■ **EXERCISE AIM**
Without changing a word, copy every line of the listing below and leave out the images.

■ **SUPPLIED ENTRIES**

┏━━

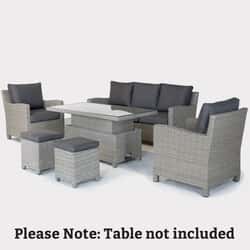 Kettler Signature Palma 3 Seat Sofa Set Whitewash without Table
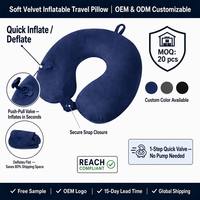 Oreiller de voyage gonflable Quick Valve avec housse en velours doux, dégonflable, portable, peu encombrant, coussin d'air léger OEM Homezoo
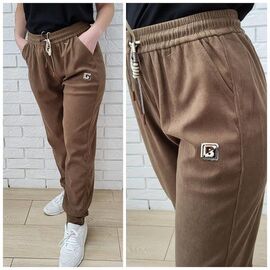 Штани спортивні жіночі теплі BDX677-4 brown р.4XL-6XL "VICTORY" недорого оптом від прямого постачальника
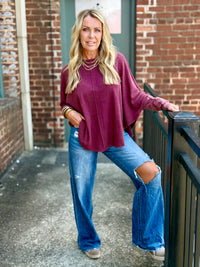 Washed Rounded Hem Pullover | Burgundy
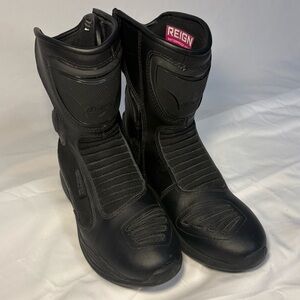 Icon Reign Waterproof Moto Motorcycle Boots Women’s 7.5 Side Zip Riding Gear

┗━━

■ **ANSWER**
 Kettler Signature Palma 3 Seat Sofa Set Whitewash without Table
 Oreiller de voyage gonflable Quick Valve avec housse en velours doux, dégonflable, portable, peu encombrant, coussin d'air léger OEM Homezoo
 Штани спортивні жіночі теплі BDX677-4 brown р.4XL-6XL "VICTORY" недорого оптом від прямого постачальника
 Washed Rounded Hem Pullover | Burgundy
 Icon Reign Waterproof Moto Motorcycle Boots Women’s 7.5 Side Zip Riding Gear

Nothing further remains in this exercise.